A call to ban college football

Filed under: Economics, Education, Football, Government, Media, USA — Tags: , , , — Nicholas @ 00:02

This Wall Street Journal piece by Buzz Bissinger is guaranteed to stir up controversy:

In more than 20 years I’ve spent studying the issue, I have yet to hear a convincing argument that college football has anything do with what is presumably the primary purpose of higher education: academics.

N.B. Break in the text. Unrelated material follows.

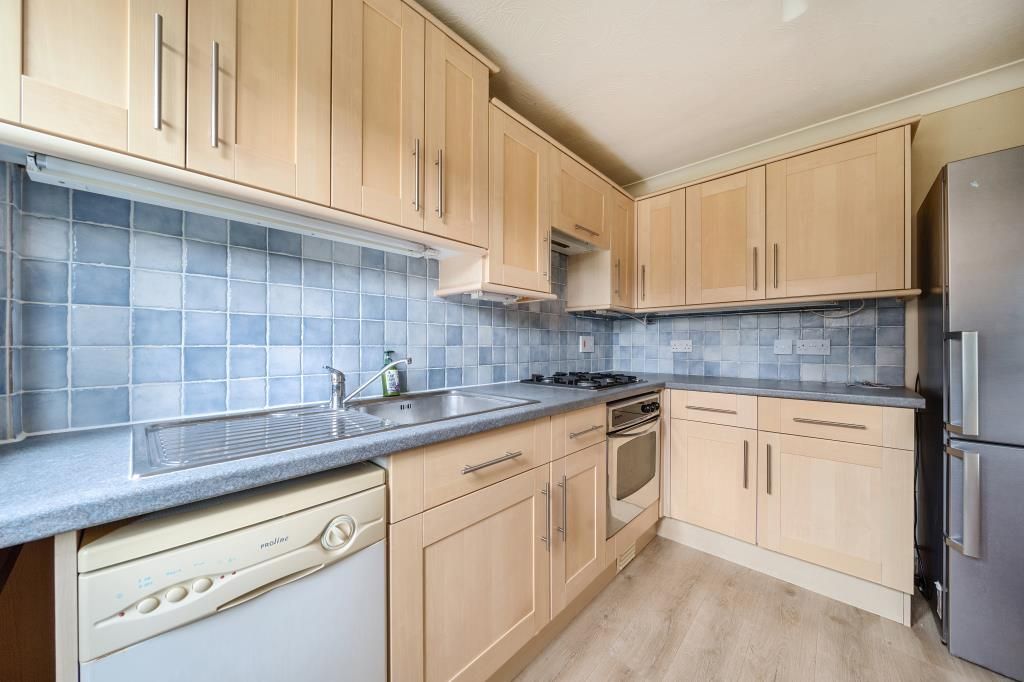 Property photo 2 of 20 Kitchen
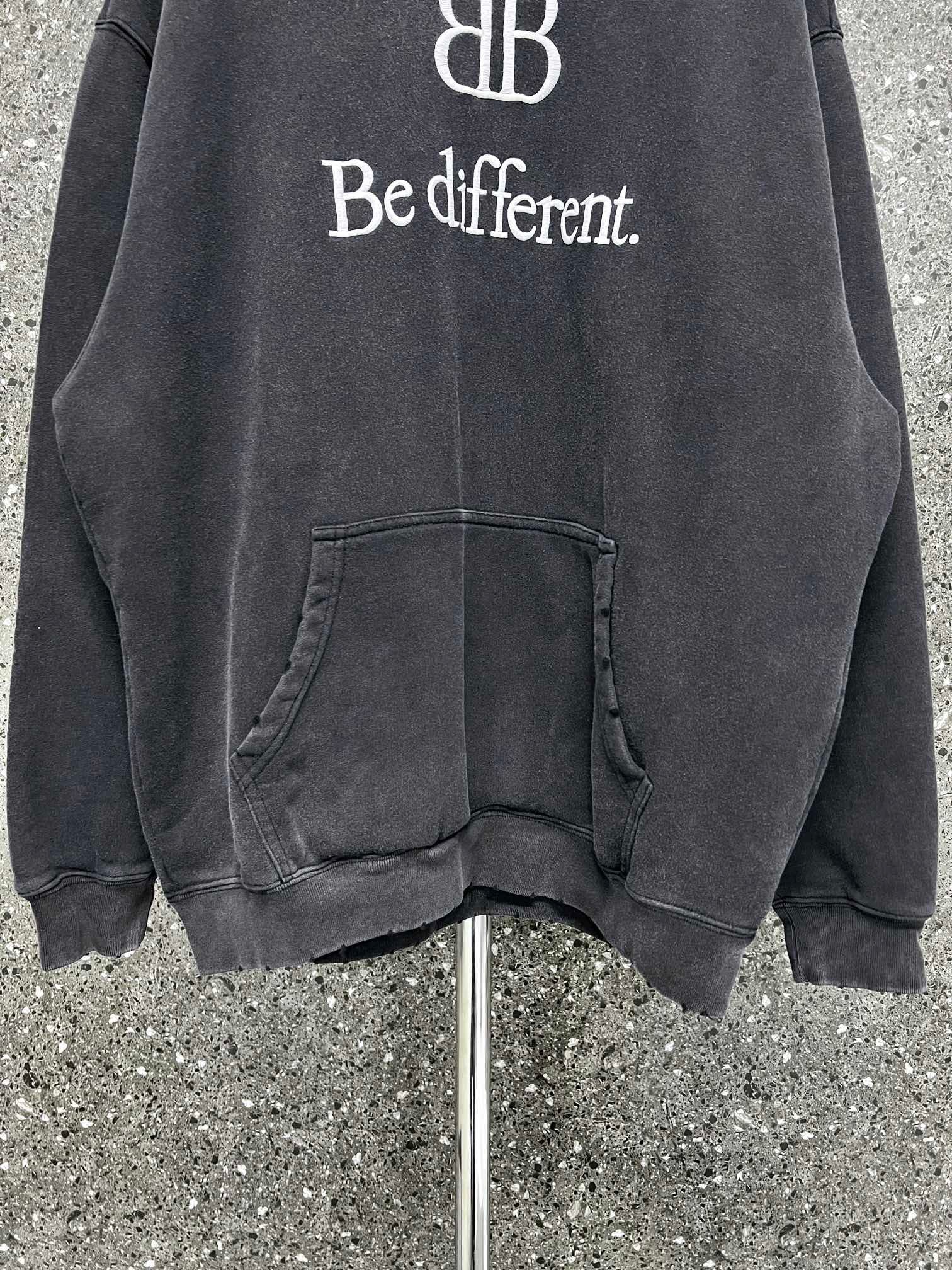 Ba1en*iaga Hoodie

That’s because college football has no academic purpose. Which is why it needs to be banned. A radical solution, yes. But necessary in today’s times.

[. . .]

Who truly benefits from college football? Alumni who absurdly judge the quality of their alma mater based on the quality of the football team. Coaches such as Nick Saban of the University of Alabama and Bob Stoops of the University of Oklahoma who make obscene millions. The players themselves don’t benefit, exploited by a system in which they don’t receive a dime of compensation. The average student doesn’t benefit, particularly when football programs remain sacrosanct while tuition costs show no signs of abating as many governors are slashing budgets to the bone.

If the vast majority of major college football programs made money, the argument to ban football might be a more precarious one. But too many of them don’t—to the detriment of academic budgets at all too many schools. According to the NCAA, 43% of the 120 schools in the Football Bowl Subdivision lost money on their programs.

The other big beneficiaries of the college football system is, of course, the NFL. Unlike baseball or NHL teams, it doesn’t have to maintain a “farm team” league or leagues to provide training and play opportunities for would-be professional football players. This burden, instead, is carried by the taxpayer as part of their share of higher education.

2 Comments

  1. Of course most of the player benefit. I would be surprised if any one of the football players actually pay for their education. Not every player makes the NFL, therefore many players get a free education by playing football. I am sure there are other sports that offer free education, I think one of my acquaintances’ daughters is going to university in Nova Scotia on a hockey scholarship.

    And I don’t know if the taxpayers in the USA are paying as much as Canada, that would be worth a good look.

    Comment by Dwayne — May 9, 2012 @ 00:22

  2. It’s a mixed blessing, however. Some players definitely benefit by getting a full or partial scholarship for their athletic talents, and get a useful degree out of it. That seems to be more true in sports other than basketball and football. Some schools manage to graduate less than half their football and basketball players (not counting the tiny minority who enter the pro draft in their junior year), and many of those degrees are in fields that do not offer much in the way of employment opportunities after university.

    Worse, in some schools, the player loses all support immediately if they are dropped from the team, which gives the coach a huge lever to enforce attention to sports activities over academic work (it’s a cliché that the star players barely have to attend their “normal” classes, but the cliché came about for a reason).

    It’s a rotten system, especially for students from poor families: in exchange for the chance at a possibly meaningless degree, they become indentured servants to their head coach for four years. The carrot of a lucrative pro career which less than 1% of all college athletes will ever get close to (and most of them will not be signed to contracts).

    We don’t have gladiator schools — gladiators were technically slaves — we’ve found a subtler method of recruiting our gladiators.